> **Your goal**
Copy the entries exactly. Their pictures do not belong in the copy.

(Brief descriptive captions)
* * *

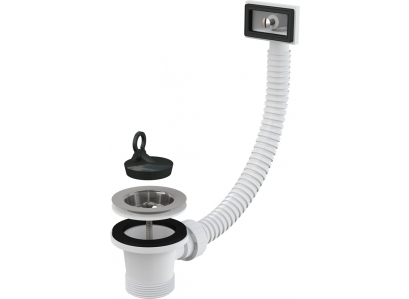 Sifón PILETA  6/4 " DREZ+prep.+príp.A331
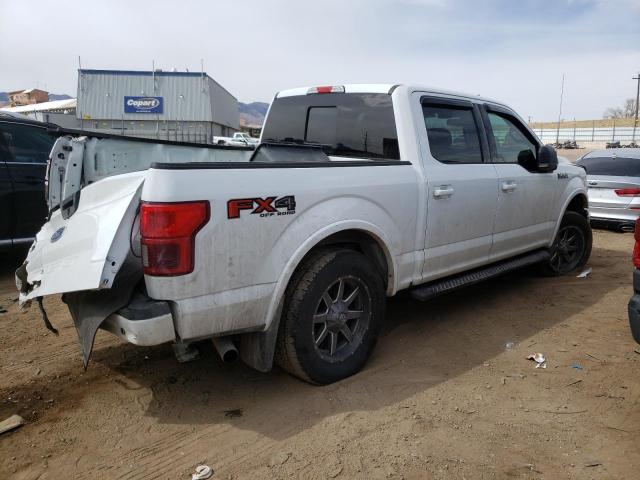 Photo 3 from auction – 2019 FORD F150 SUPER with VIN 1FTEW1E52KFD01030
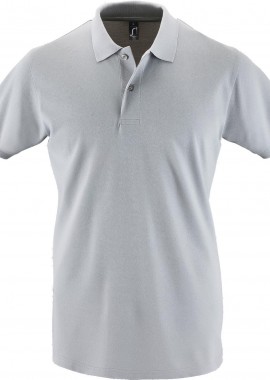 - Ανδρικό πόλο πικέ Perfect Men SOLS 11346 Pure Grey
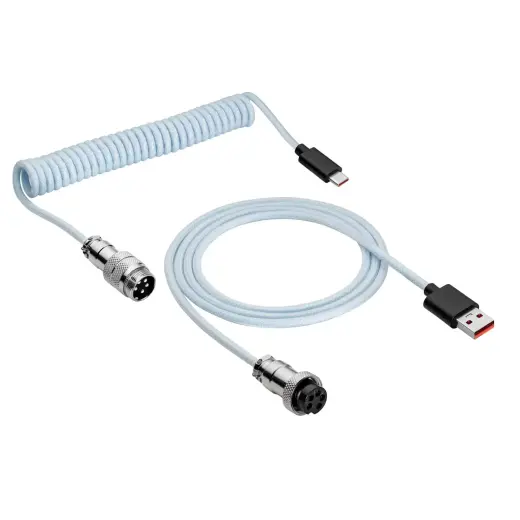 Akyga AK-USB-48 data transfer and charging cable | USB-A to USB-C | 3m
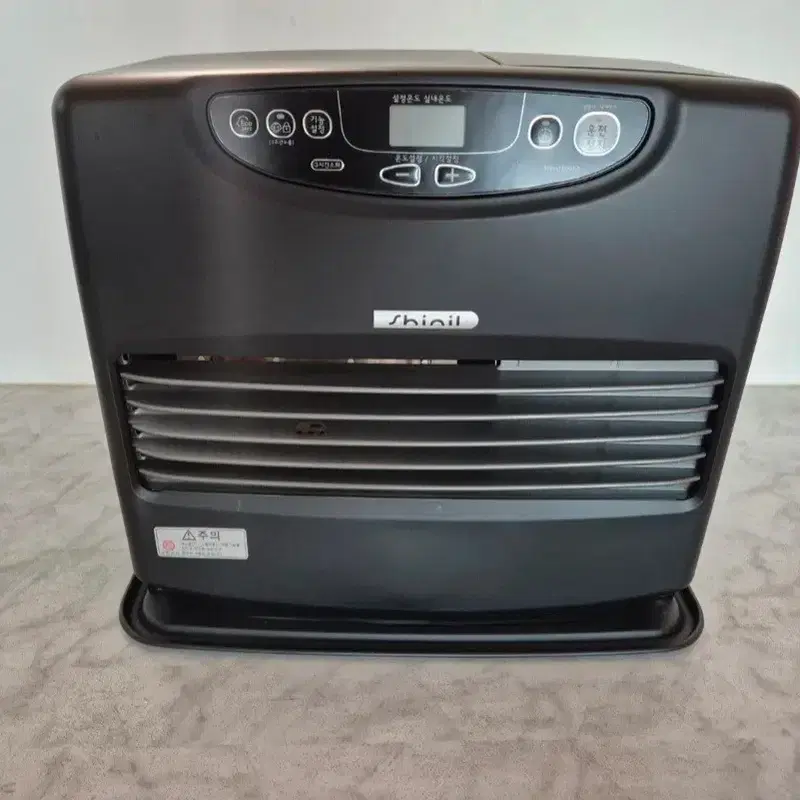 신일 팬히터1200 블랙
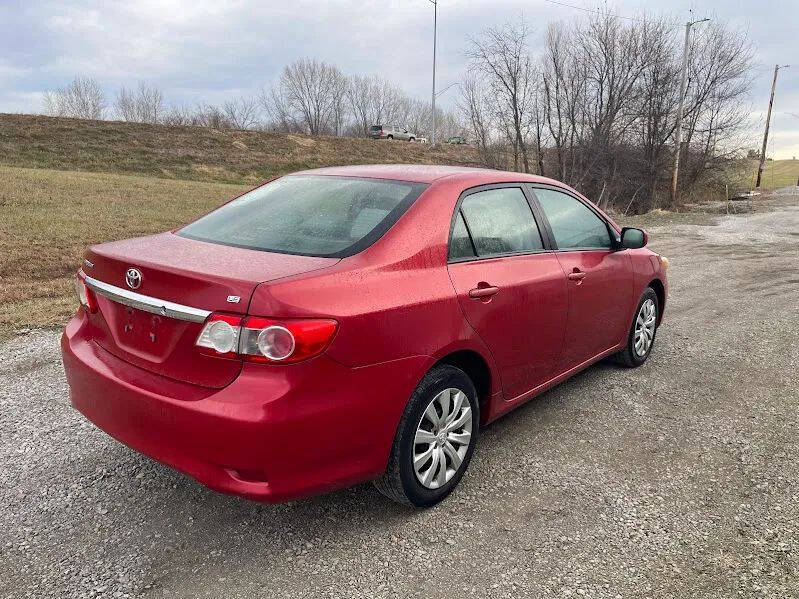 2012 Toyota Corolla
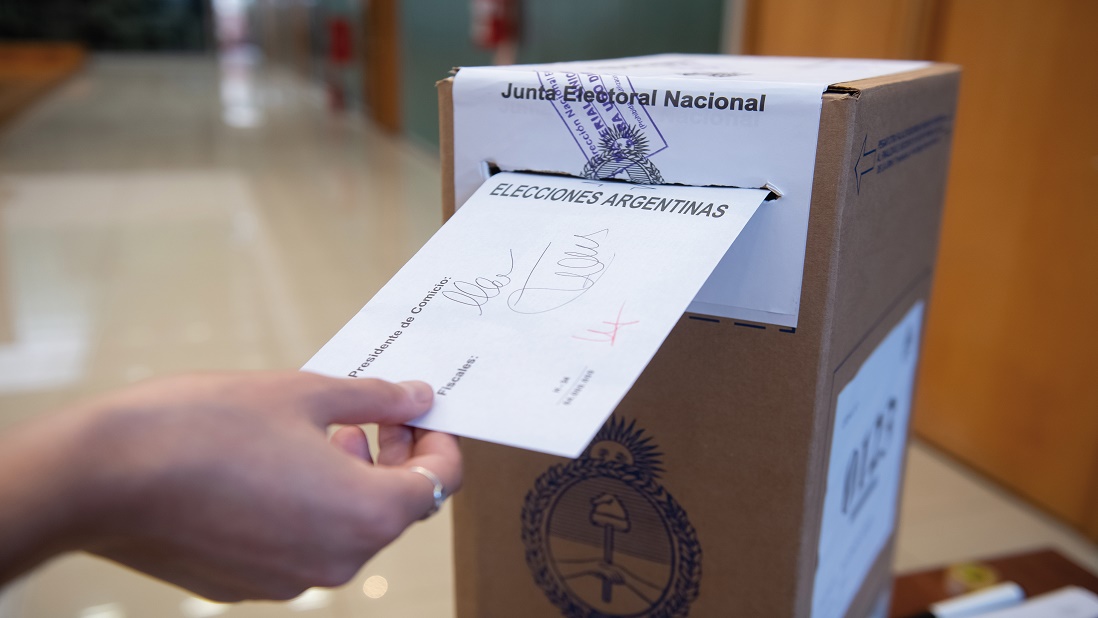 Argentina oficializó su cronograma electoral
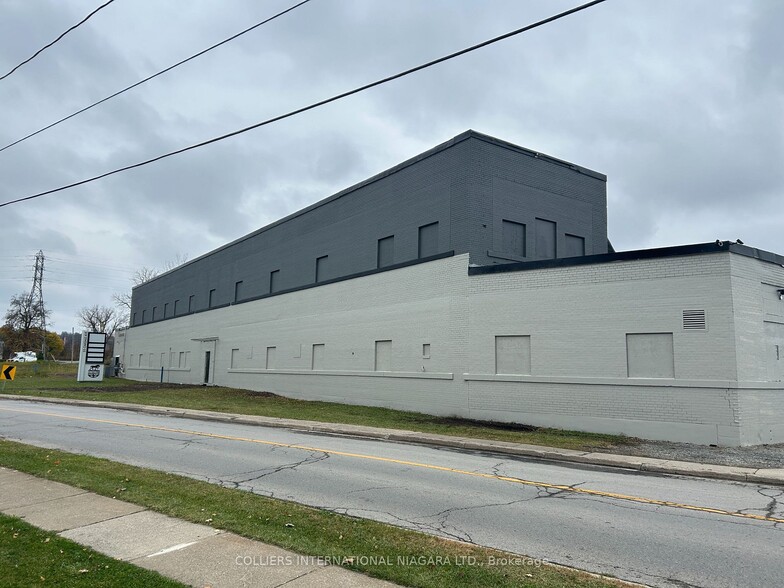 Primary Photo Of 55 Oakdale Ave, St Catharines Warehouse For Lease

* * *

> **Completed task**
 Sifón PILETA  6/4 " DREZ+prep.+príp.A331
 Photo 3 from auction – 2019 FORD F150 SUPER with VIN 1FTEW1E52KFD01030
 - Ανδρικό πόλο πικέ Perfect Men SOLS 11346 Pure Grey
 Akyga AK-USB-48 data transfer and charging cable | USB-A to USB-C | 3m
 신일 팬히터1200 블랙
 2012 Toyota Corolla
 Argentina oficializó su cronograma electoral
 Primary Photo Of 55 Oakdale Ave, St Catharines Warehouse For Lease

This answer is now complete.